*ACTION ITEM*:
Return, exactly and with nothing added, the line with "Statistiques immobilier en ligne Tunisie" together with all lines after it through the end of the data below. No pictures belong in the copy.

*DATA SHOWN*:
>>>>

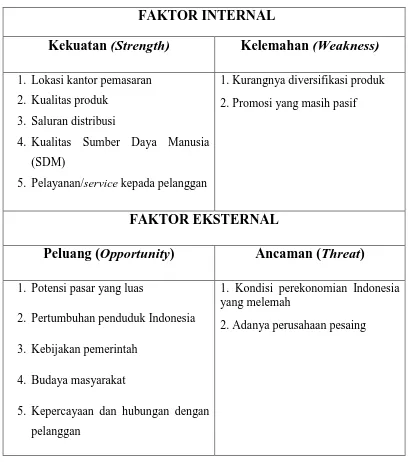Tabel 4.2 Faktor Internal (Kekuatan dan Kelemahan) dan Faktor Eksternal 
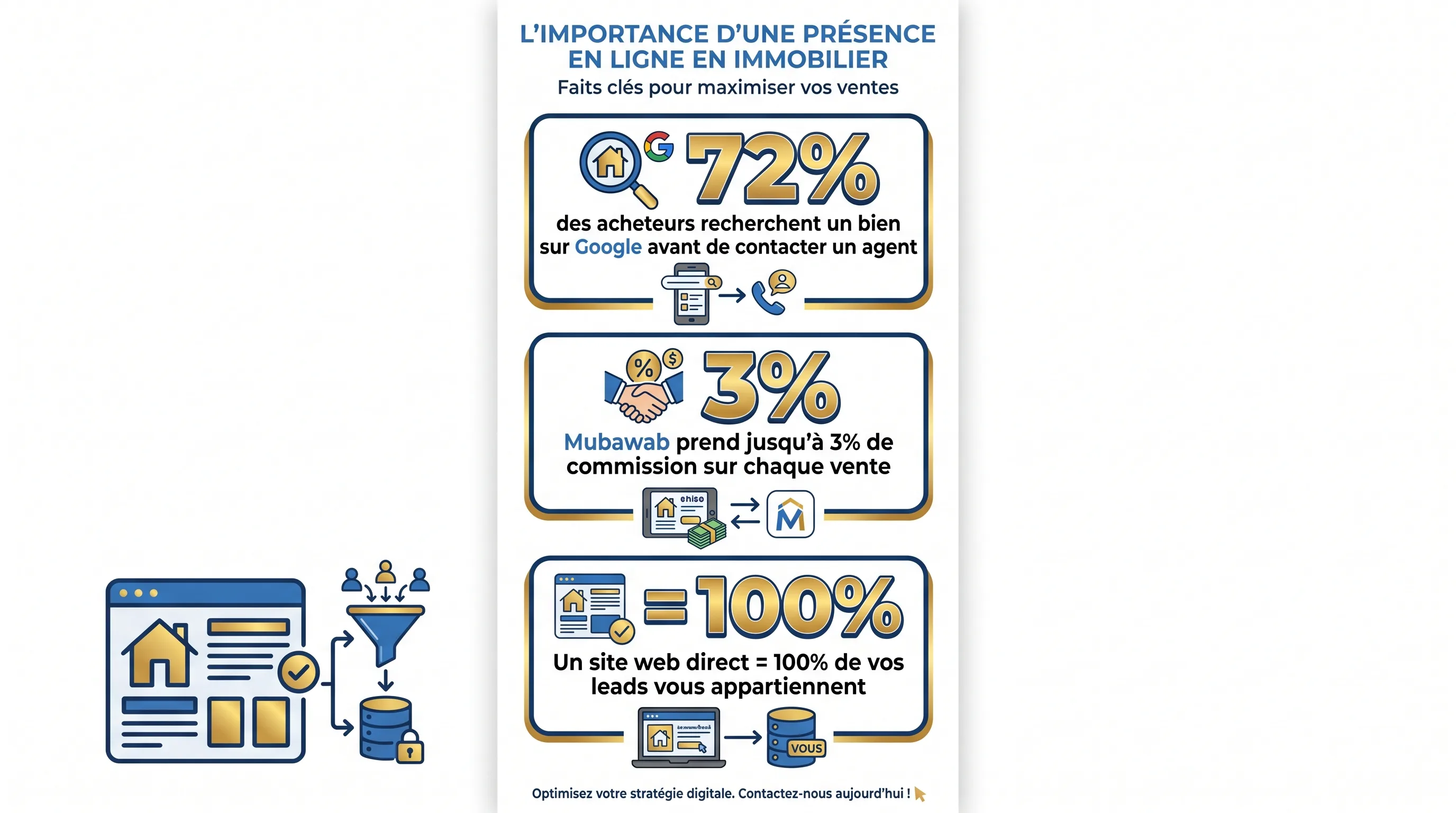 Statistiques immobilier en ligne Tunisie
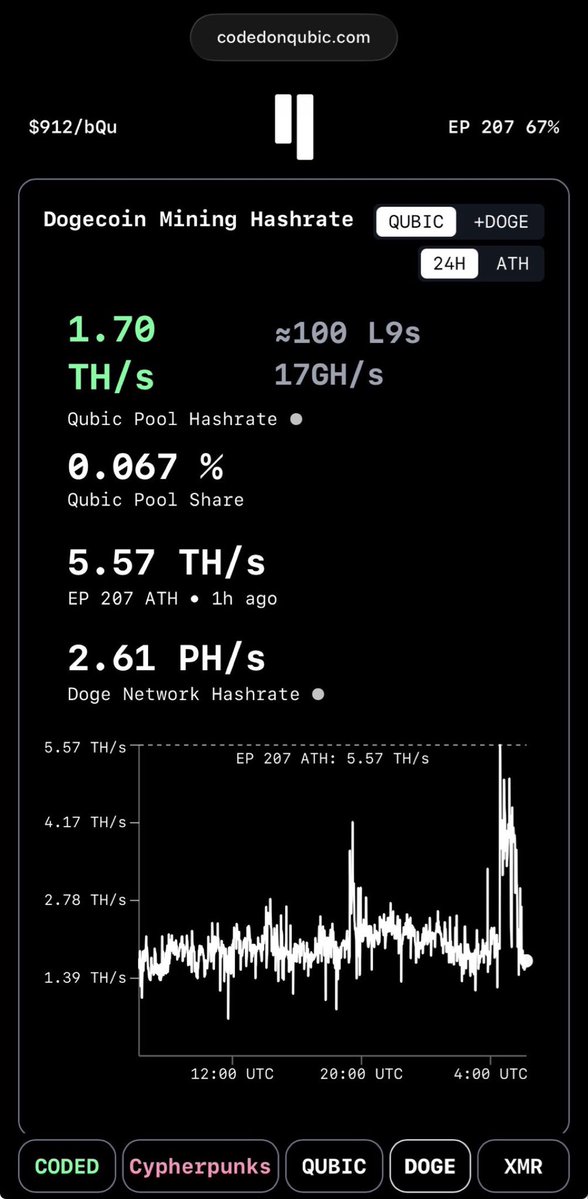 NervyTrader tweet media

<<<<

*EXERCISE RESULT*:
 Statistiques immobilier en ligne Tunisie
 NervyTrader tweet media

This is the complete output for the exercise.